**Problem statement:** The part below that opens with the line containing "もりた整形外科医院の地図画像" and closes with the line containing "Cannes Film Festival" should be copied exactly, minus any pictures.

**Information provided:**
>>>>>

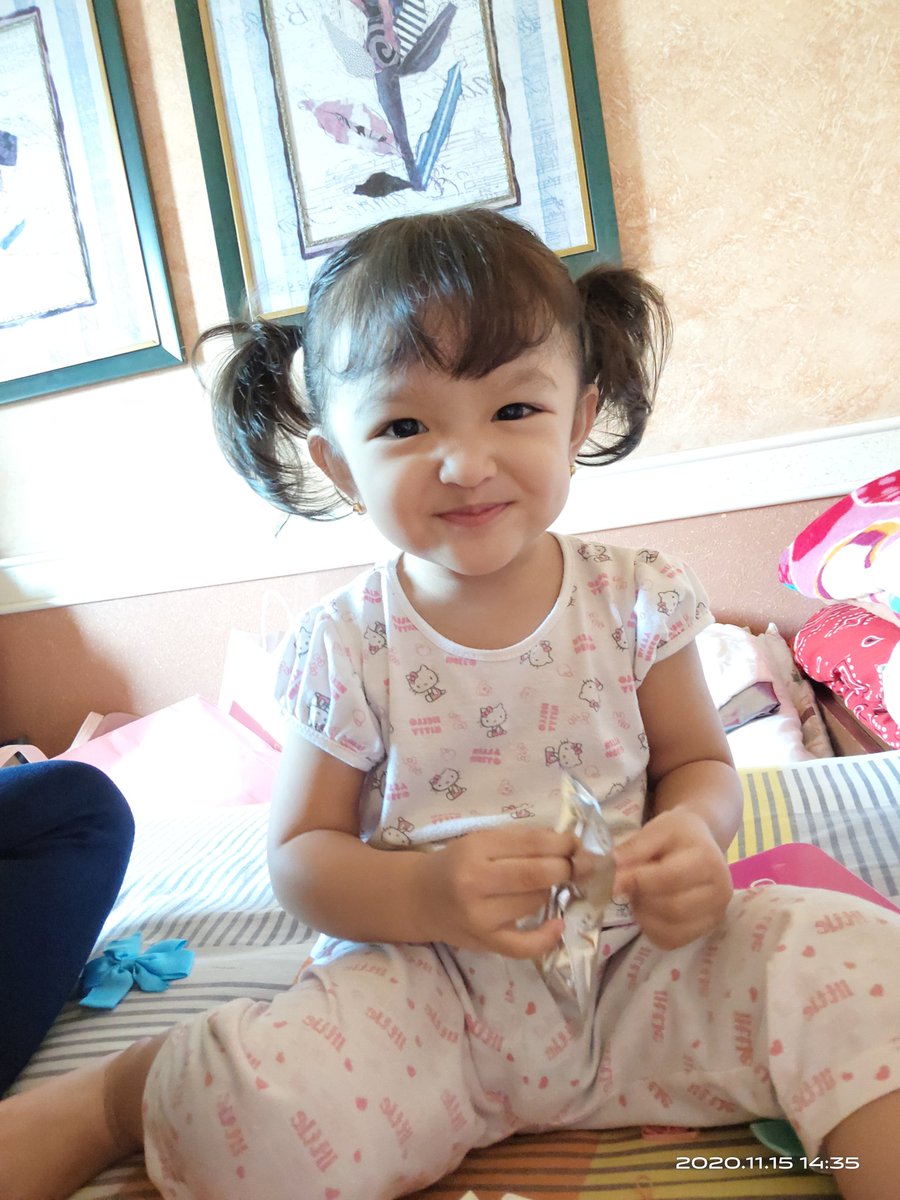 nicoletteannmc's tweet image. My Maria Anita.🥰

<<<<<
>>>>>

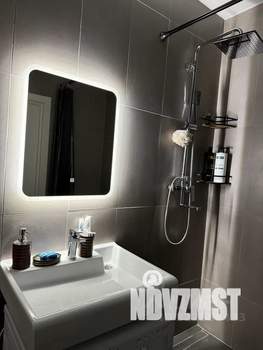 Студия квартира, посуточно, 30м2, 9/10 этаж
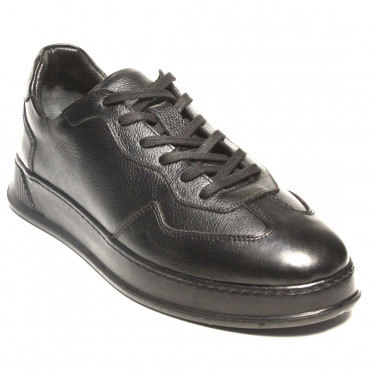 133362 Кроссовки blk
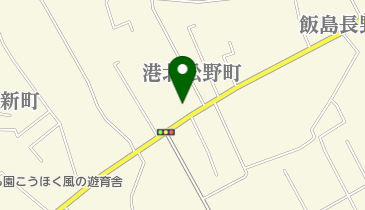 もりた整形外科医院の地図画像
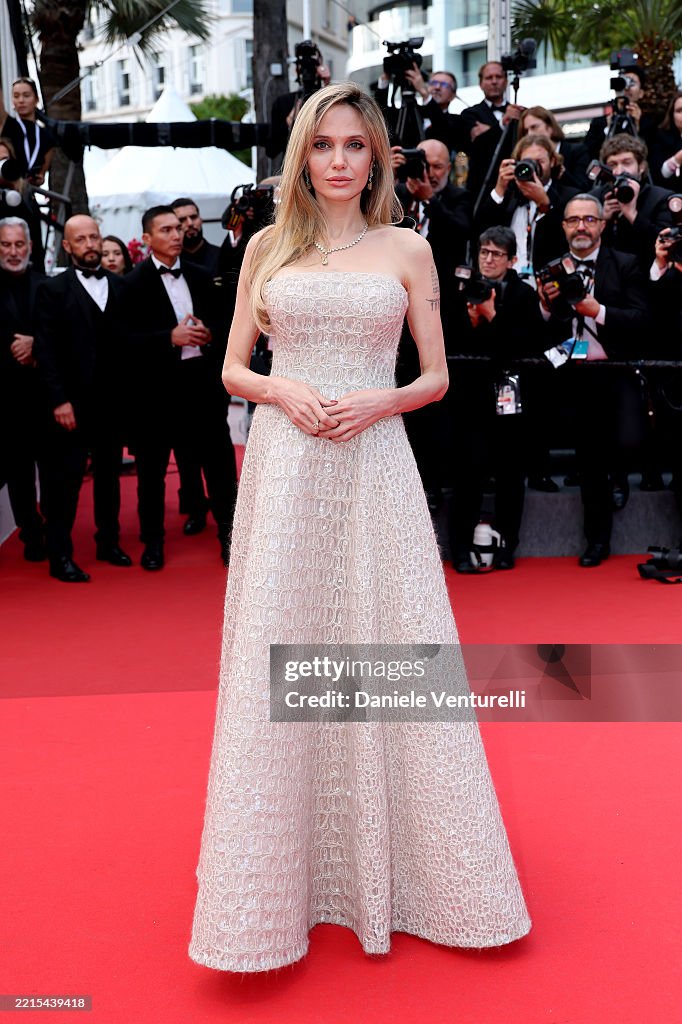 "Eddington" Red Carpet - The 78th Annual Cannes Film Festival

<<<<<

**Written answer:**
 もりた整形外科医院の地図画像
 "Eddington" Red Carpet - The 78th Annual Cannes Film Festival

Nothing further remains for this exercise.